PROBLEM DETAILS
What follows is a set of entries. Give them again exactly, without the pictures.

Dataset entries
*-*-*

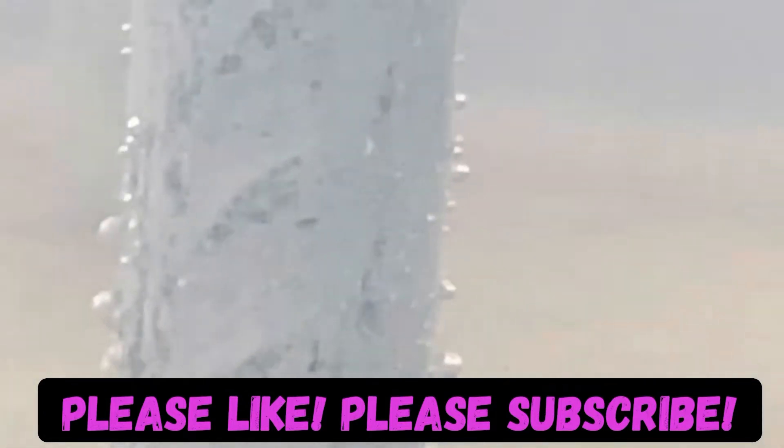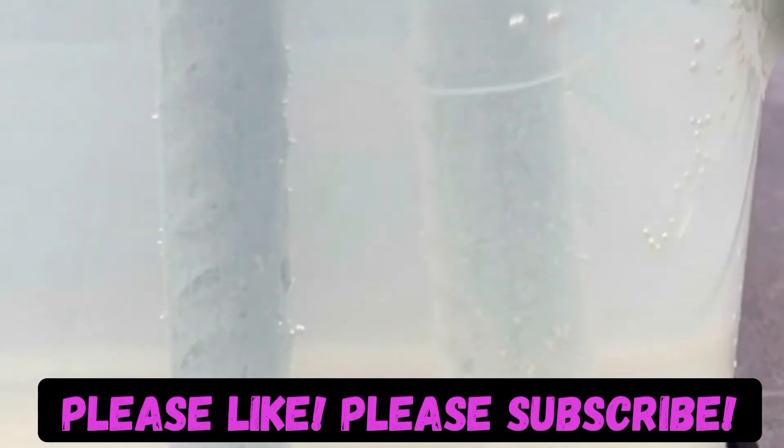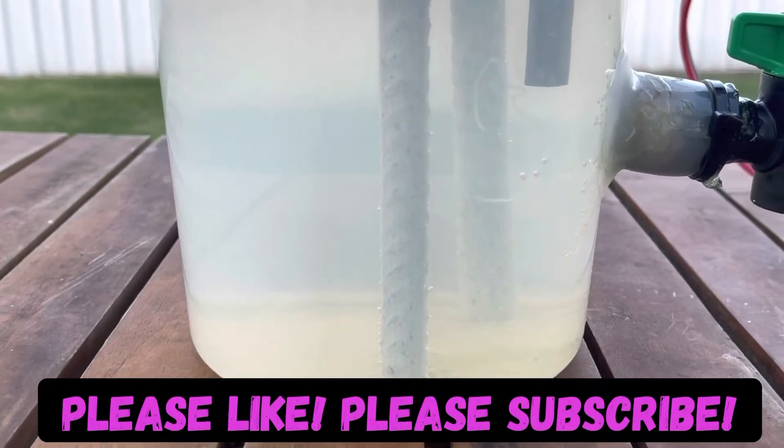It is still reacting with salt that's in the water, and at this stage I'm going to continue to run it until I'm confident that all the salt has been used up.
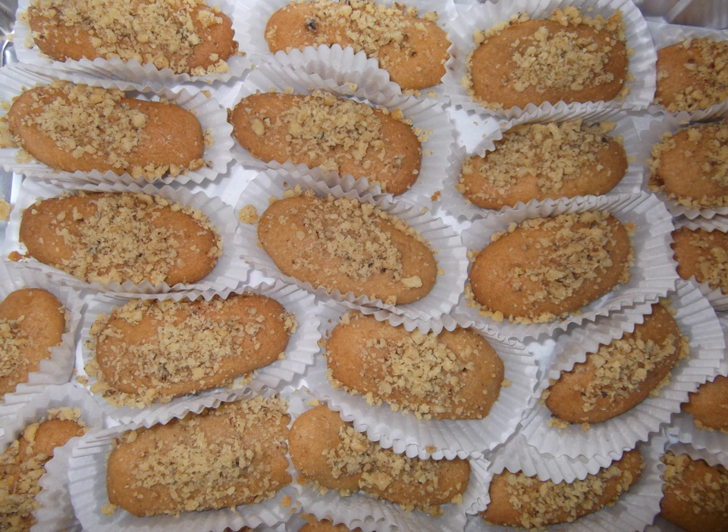Phinikia, or Phinikia, is a type of Greek cookie. Preparation:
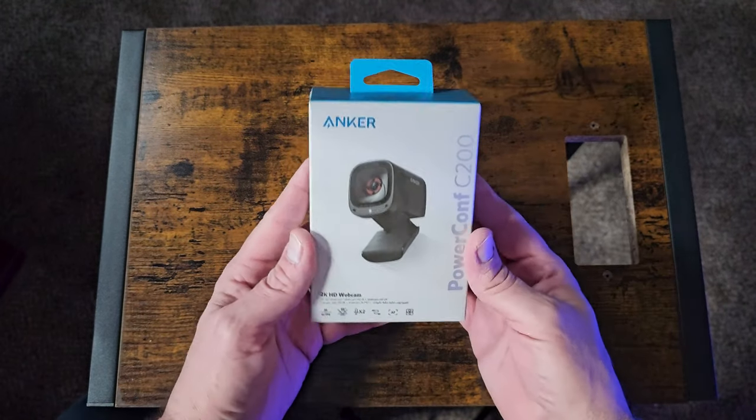This camera has been amazing. The size of the camera is perfect — it's small and compact but it has a lot of features. You'll definitely want to stick around to the end because I'm going to show you some video of my gameplay comparing the old webcam I was using to this new one, and the difference is night and day. This is the 2K HD Anchor PowerConf C200 webcam, and as you can see by its form factor, it's absolutely perfect.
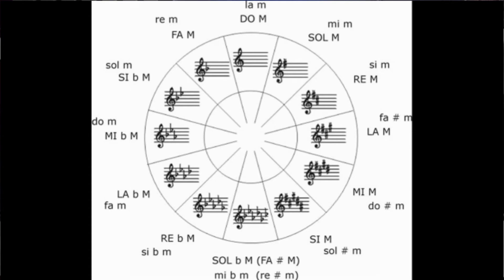Para el caso de las tonalidades con bemoles, comenzamos con fa, que tiene si bemol, que es la primera alteración en bemoles. Le sigue si bemol, que se le agrega mi bemol. Después mi bemol, que se le agrega la bemol. Después la bemol, que se le agrega re bemol. Después re bemol, que se le agrega sol bemol. Y luego sol bemol, que se le agrega do bemol.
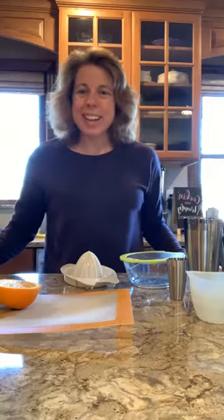Hey guys, it's Wendy. I know I haven't been on here much for Friday night happy hour, but we are having one tonight.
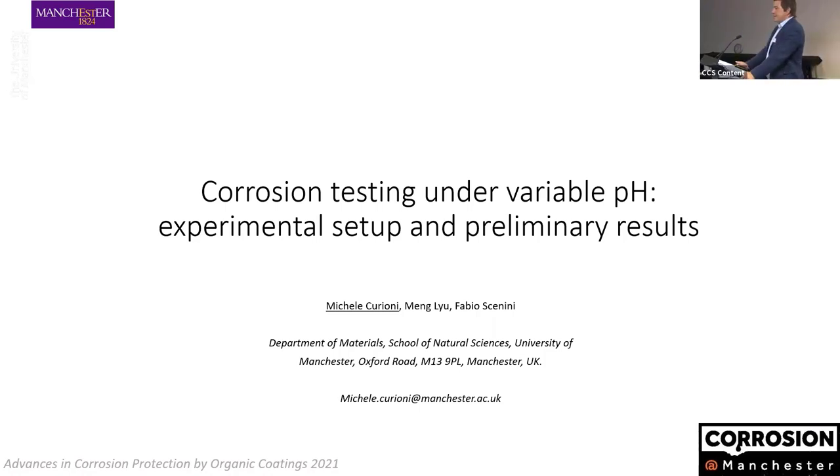Thank you for the introduction. That's a bit of a strange talk. This is a gadget that we started to work on before COVID, and we just finished developing it, and then COVID struck. So we didn't get as much time to play with it as we wished before. But I think it's a nice gadget if you like corrosion and corrosion testing.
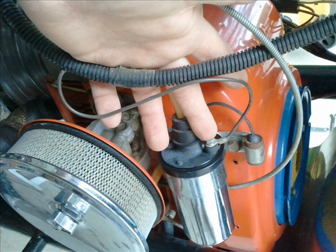Make sure that you mark any wires that you take off — they aren't necessarily the right color code. Here's the coil wire.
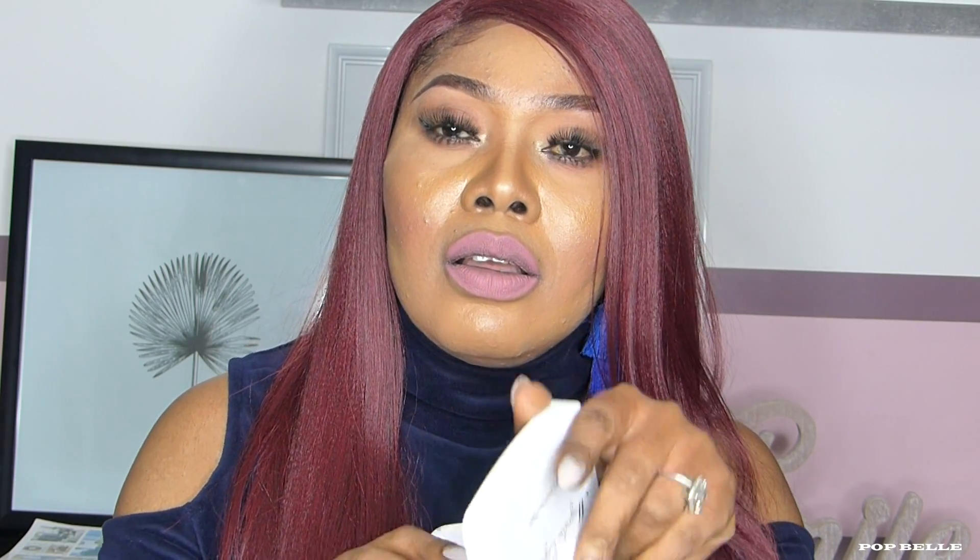There is a mirror inside the case. When you are applying your lashes, you need a mirror very, very close to your eyes for you to be able to see your lashes very well.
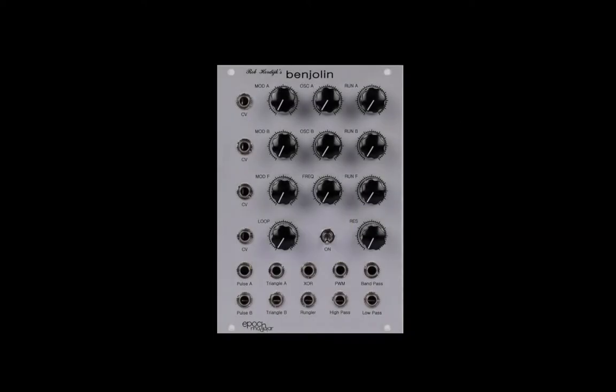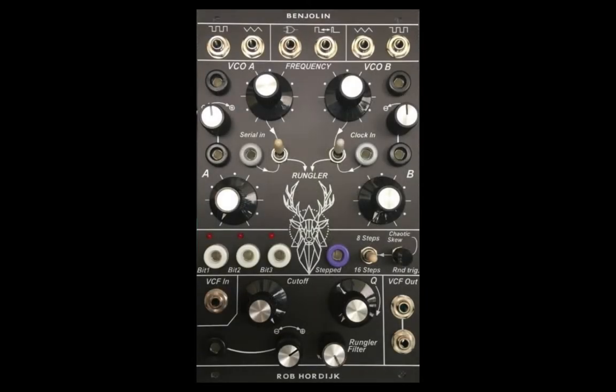Over the years, Rob has given various individuals and companies permission to use his Benjolin circuit. The most recent incarnation is by Anto in Paris. This is a labor of love project and a very limited number of modules will be produced — it will not go into full production.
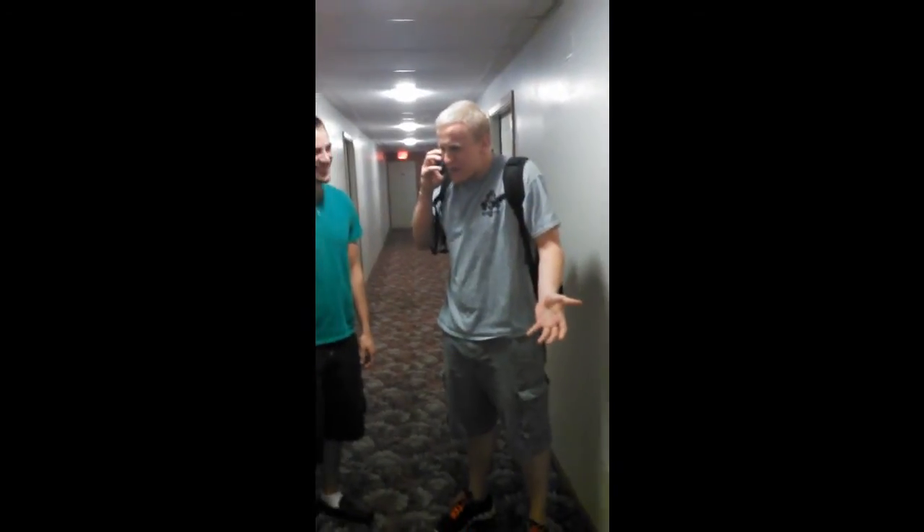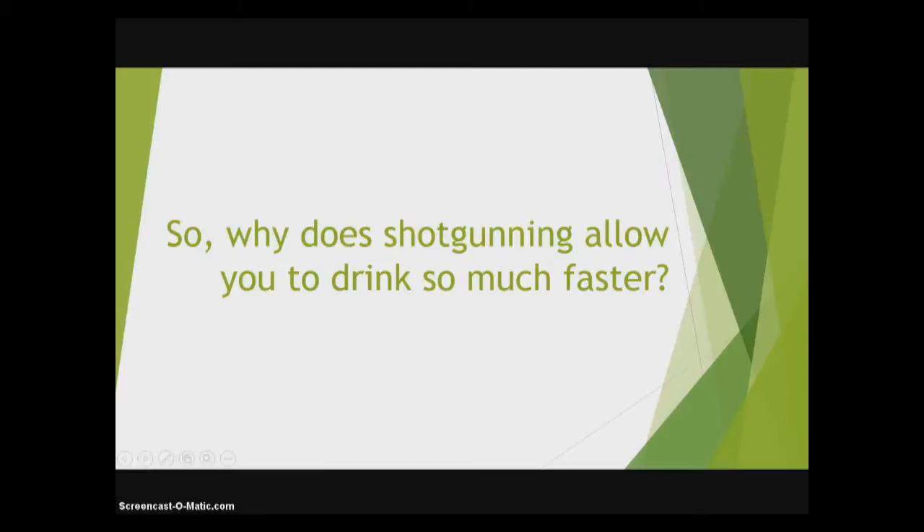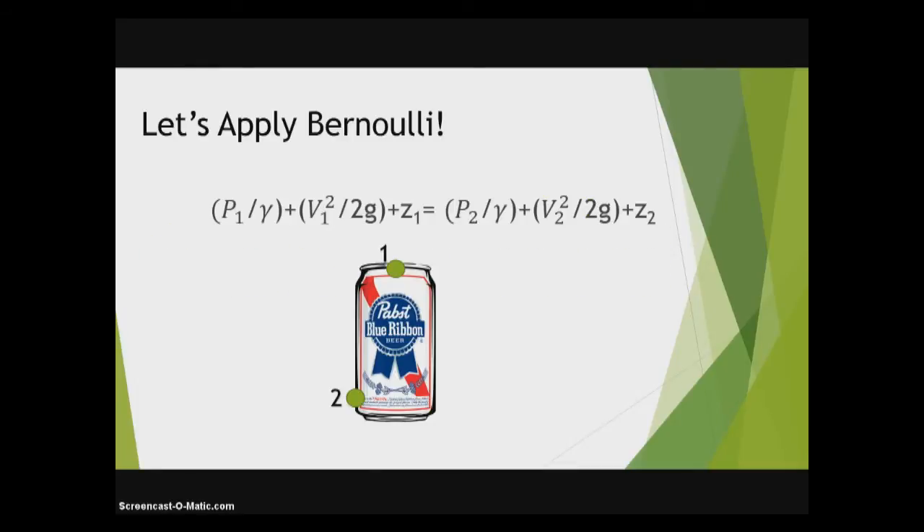Hey Tanner, how do I drink this beer faster? So why does shotgunning allow you to drink so much faster? Well, first, let's apply Bernoulli, which is the pressure at one over gamma plus the velocity at one squared over two times gravity, plus the height Z1, which equals P2 over gamma plus V2 squared over 2G plus Z2.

*-*-*

COMPLETED EXERCISE
It is still reacting with salt that's in the water, and at this stage I'm going to continue to run it until I'm confident that all the salt has been used up.
Phinikia, or Phinikia, is a type of Greek cookie. Preparation:
This camera has been amazing. The size of the camera is perfect — it's small and compact but it has a lot of features. You'll definitely want to stick around to the end because I'm going to show you some video of my gameplay comparing the old webcam I was using to this new one, and the difference is night and day. This is the 2K HD Anchor PowerConf C200 webcam, and as you can see by its form factor, it's absolutely perfect.
Para el caso de las tonalidades con bemoles, comenzamos con fa, que tiene si bemol, que es la primera alteración en bemoles. Le sigue si bemol, que se le agrega mi bemol. Después mi bemol, que se le agrega la bemol. Después la bemol, que se le agrega re bemol. Después re bemol, que se le agrega sol bemol. Y luego sol bemol, que se le agrega do bemol.
Hey guys, it's Wendy. I know I haven't been on here much for Friday night happy hour, but we are having one tonight.
Thank you for the introduction. That's a bit of a strange talk. This is a gadget that we started to work on before COVID, and we just finished developing it, and then COVID struck. So we didn't get as much time to play with it as we wished before. But I think it's a nice gadget if you like corrosion and corrosion testing.
Make sure that you mark any wires that you take off — they aren't necessarily the right color code. Here's the coil wire.
There is a mirror inside the case. When you are applying your lashes, you need a mirror very, very close to your eyes for you to be able to see your lashes very well.
Over the years, Rob has given various individuals and companies permission to use his Benjolin circuit. The most recent incarnation is by Anto in Paris. This is a labor of love project and a very limited number of modules will be produced — it will not go into full production.
Hey Tanner, how do I drink this beer faster? So why does shotgunning allow you to drink so much faster? Well, first, let's apply Bernoulli, which is the pressure at one over gamma plus the velocity at one squared over two times gravity, plus the height Z1, which equals P2 over gamma plus V2 squared over 2G plus Z2.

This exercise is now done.